WHO: 18 Nigerians Die Every Hour from Tuberculosis

Martins Ifijeh

The World Health Organisation (WHO) has revealed that with 18 persons dying every hour from tuberculosis in Nigeria, the country now has the second highest burden of the disease in Africa, and the seven highest globally.

Stating this at the Public Private Mixed Summit for Tuberculosis Control in Nigeria held in Lagos recently, and organised by WHO in collaboration with the Federal Ministry of Health and the Lagos State Ministry of Health, the Country Representative, WHO, Dr. Wondimagegnehu Alemu said not less than 420 Nigerians die on a daily cases to the highly preventable and curable disease.

Alemu, who was represented by Linda Ozor of WHO, said the high burden is fueled by large undetected and missed cases in Nigeria, adding that for every 400, 000 cases in Nigeria, only 100, 000 is detected, while the remaining 300, 000 are missed.

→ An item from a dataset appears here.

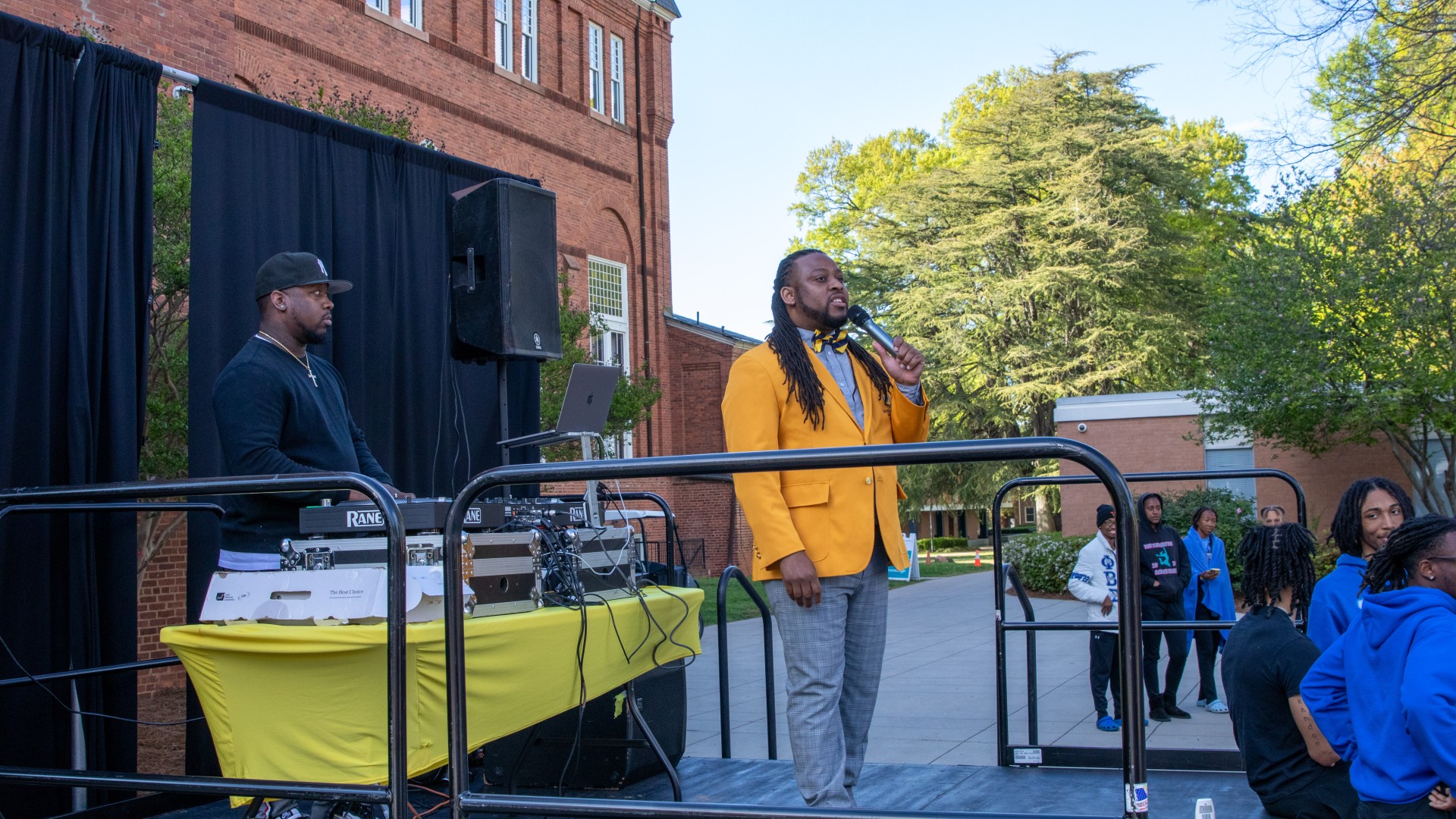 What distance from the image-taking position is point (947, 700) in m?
9.77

Ozor in her address futher said that for every three cases in Lagos, two are missed, adding that, “in most cases, the highly infectious disease is transferred from these undetected cases because those that have been detected have the potential to be successfully treated.

“Each missed case has a potential to infect 15 other persons per year. That is why we must intensify efforts to find all missed cases in Nigeria for proper management. That way, the prevalence of the disease and the high death rate from it will greatly reduce.

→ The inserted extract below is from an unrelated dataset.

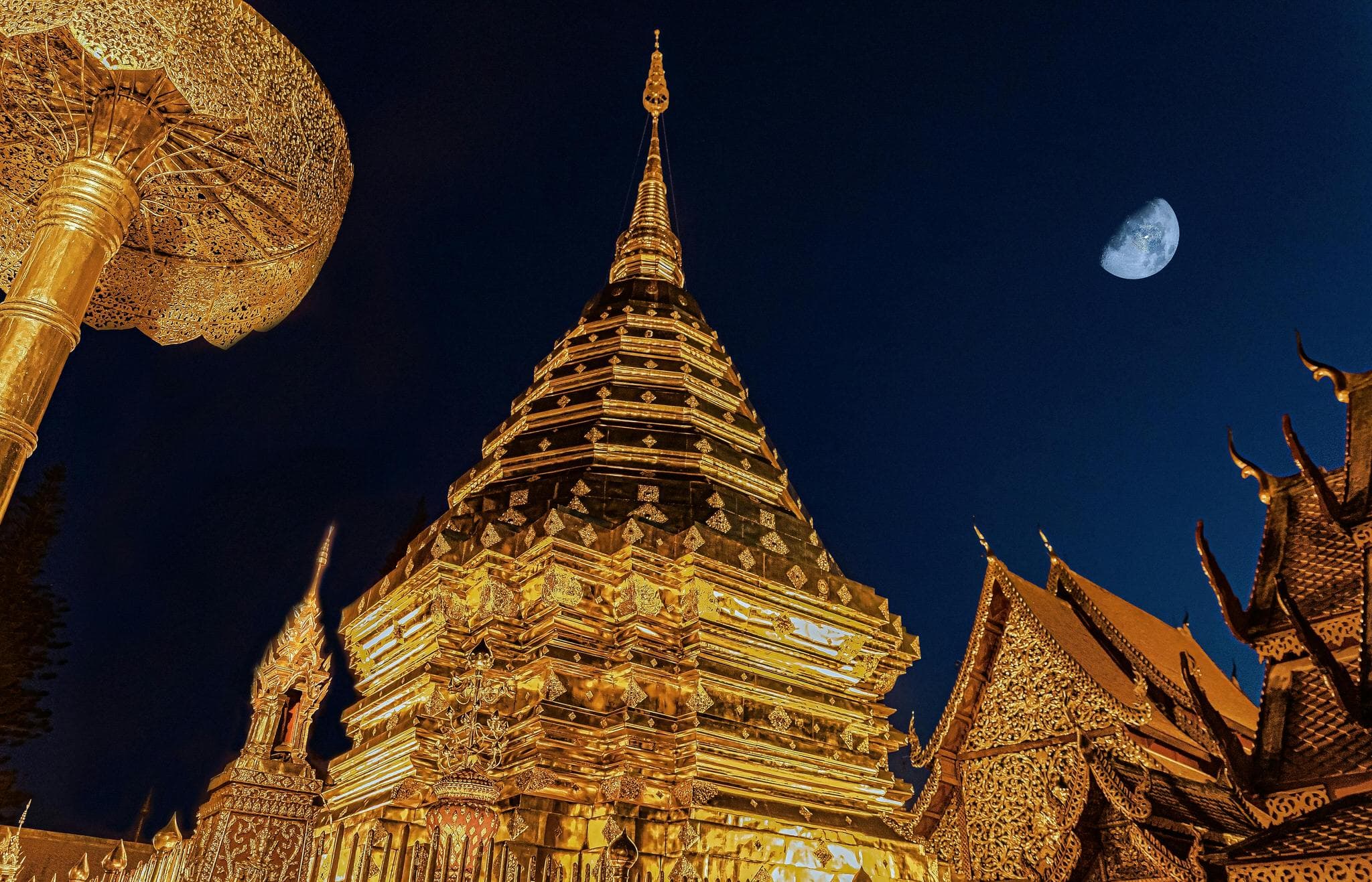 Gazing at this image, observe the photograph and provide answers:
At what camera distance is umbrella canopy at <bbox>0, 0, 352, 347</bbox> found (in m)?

“While millions of Nigerians access healthcare in private hospitals, it is still surprising that only 14 per cent of private health institutions collaborate with the National Tuberculosis Programme to tackle the disease.

“If our private establishments wake up to this reality, we will have more people accessing treatment. As stakeholders, we must continue to create awareness on prevention and treatment of the preventable disease.”
On his part, the Commissioner for Health, Lagos State, Dr. Jide Idris said for the country to collectively address the burden, every state should have a strategic health plan, while the private sector should be fully involved in its control.

He said: “In Lagos, we have narrowed the plan down to strategically strengthening tuberculosis case detection, access to quality services, and the promotion of demand for cases.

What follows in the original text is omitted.